“A cognição corpórea e o contexto politico da América Latina” – resumo da apresentação de Tom Lemos no Congresso conjunto ESOCITE/4S – 2014

A cognição corpórea é uma corrente das ciências cognitivas que recusa o modelo da cognição como mera operação de uma sequência ordenada de símbolos discretos, desenvolvido a partir da tecnologia da computação eletrônica, e apresenta como alternativa um processo complexo no qual são elementos centrais a experiência e o corpo individuais, compreendidos como constituintes do ambiente social.
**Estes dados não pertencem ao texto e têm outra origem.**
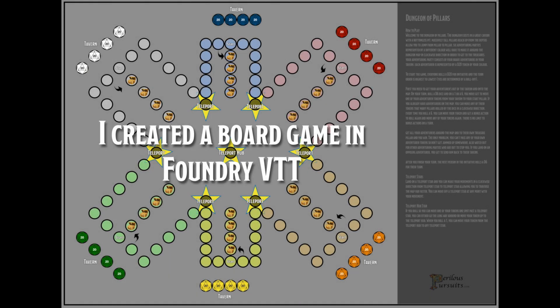Hi everyone, this is GoGoDM and I thought I'd try something a little different with Foundry Virtual Tabletop and create an actual board game. So I have done that and what I'm going to do is show you guys how you can add this board game into your Foundry VTT.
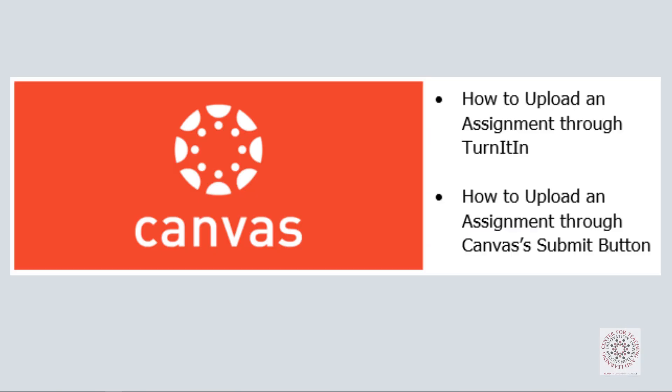In this video, we covered how to upload an assignment using the Turnitin application and through Canvas's Upload Assignment button.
Defendo que a cognição corpórea tem desenvolvido sua proposta de modo essencialmente político, para tal buscando realizar o que foi chamado por Francisco Varela de “virada ontológica”, o que também comporta uma crítica aos fundamentos da racionalidade de matriz europeia e norte-americana.

Para contribuir para a compreensão do sentido deste enfoque ao mesmo tempo ontológico e político, examinarei a contribuição de Varela à cognição corpórea, segundo sua narrativa dos fatos que envolveram sua elaboração, para a qual teve influência central o governo de Salvador Allende no Chile (1970-1973).

À luz das questões trazidas por Varela, pretendo discutir o impacto da imagem cognitivista da cognição, suas diversas aplicações de repercussão social, e sua matriz tecnológica, para os problemas atuais de saúde, educação ciência e tecnologia na América Latina, considerando a perspectiva da cognição corpórea.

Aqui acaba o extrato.